Task
Quote the material exactly from the line that contains "Fixed: NBA 2K21" through its last line. Any pictures are to be left out.

Data segment: Begin

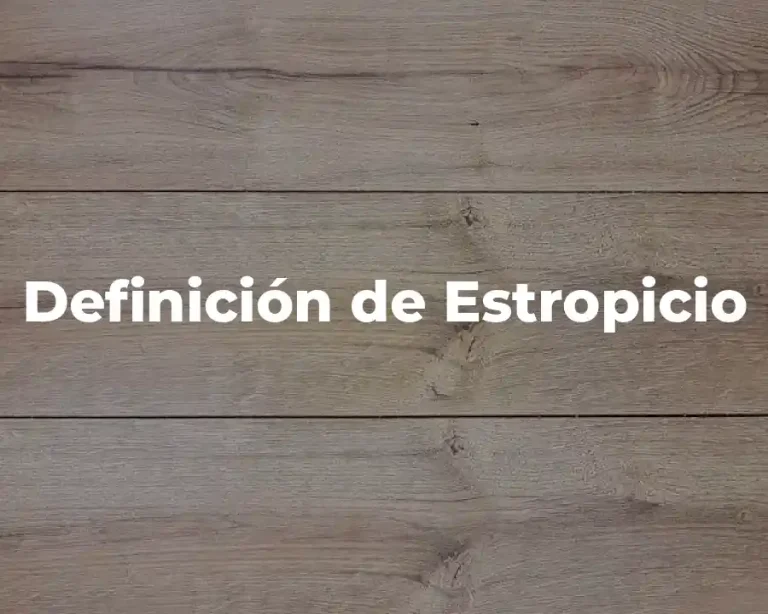 Definición de Estropicio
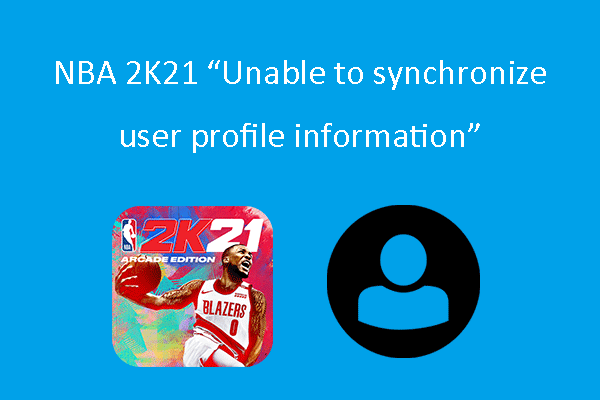 Fixed: NBA 2K21 “Unable to synchronize user profile information”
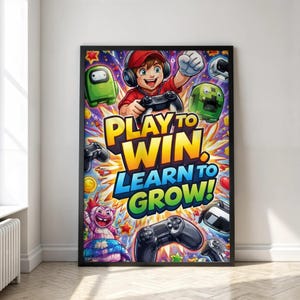 Könnte beinhalten: Gerahmtes Poster mit einer lebendigen Illustration eines Gamers, der einen Controller hält, umgeben von Spielfiguren. Der Text "PLAY TO WIN LEARN TO GROW!" ist prominent dargestellt. Das Kunstwerk hat ein farbenfrohes, energiegeladenes Design.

Data segment: End

Response box
 Fixed: NBA 2K21 “Unable to synchronize user profile information”
 Könnte beinhalten: Gerahmtes Poster mit einer lebendigen Illustration eines Gamers, der einen Controller hält, umgeben von Spielfiguren. Der Text "PLAY TO WIN LEARN TO GROW!" ist prominent dargestellt. Das Kunstwerk hat ein farbenfrohes, energiegeladenes Design.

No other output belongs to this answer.